= Problem to work on =
Lines from the one containing "Фото ракурс 4" through the end of the material below should be given again exactly, with no others.
++++++++++++++++++++
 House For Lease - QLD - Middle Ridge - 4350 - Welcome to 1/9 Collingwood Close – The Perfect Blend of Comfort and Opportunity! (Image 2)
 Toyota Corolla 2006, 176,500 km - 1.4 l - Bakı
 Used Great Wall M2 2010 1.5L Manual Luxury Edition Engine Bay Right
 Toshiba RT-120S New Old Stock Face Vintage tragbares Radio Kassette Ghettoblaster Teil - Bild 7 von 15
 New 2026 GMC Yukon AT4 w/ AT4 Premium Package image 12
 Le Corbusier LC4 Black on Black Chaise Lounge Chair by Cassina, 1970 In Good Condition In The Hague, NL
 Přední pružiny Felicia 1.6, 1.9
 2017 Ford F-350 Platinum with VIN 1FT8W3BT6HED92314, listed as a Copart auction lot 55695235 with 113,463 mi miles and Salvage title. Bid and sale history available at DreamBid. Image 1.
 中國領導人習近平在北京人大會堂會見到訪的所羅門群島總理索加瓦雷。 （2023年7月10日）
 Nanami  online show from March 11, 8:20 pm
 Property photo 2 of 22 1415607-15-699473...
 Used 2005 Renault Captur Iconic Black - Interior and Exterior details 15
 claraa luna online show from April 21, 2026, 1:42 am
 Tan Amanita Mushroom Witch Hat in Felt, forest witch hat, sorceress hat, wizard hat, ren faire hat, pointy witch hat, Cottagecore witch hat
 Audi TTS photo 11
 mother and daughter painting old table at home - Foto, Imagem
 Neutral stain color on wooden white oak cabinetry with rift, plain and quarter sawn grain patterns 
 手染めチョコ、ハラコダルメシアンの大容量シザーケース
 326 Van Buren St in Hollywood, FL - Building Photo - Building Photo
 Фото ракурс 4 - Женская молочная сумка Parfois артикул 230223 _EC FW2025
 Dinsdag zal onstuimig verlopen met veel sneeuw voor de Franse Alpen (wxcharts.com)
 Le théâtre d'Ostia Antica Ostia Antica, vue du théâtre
++++++++++++++++++++
= Answer space =
 Фото ракурс 4 - Женская молочная сумка Parfois артикул 230223 _EC FW2025
 Dinsdag zal onstuimig verlopen met veel sneeuw voor de Franse Alpen (wxcharts.com)
 Le théâtre d'Ostia Antica Ostia Antica, vue du théâtre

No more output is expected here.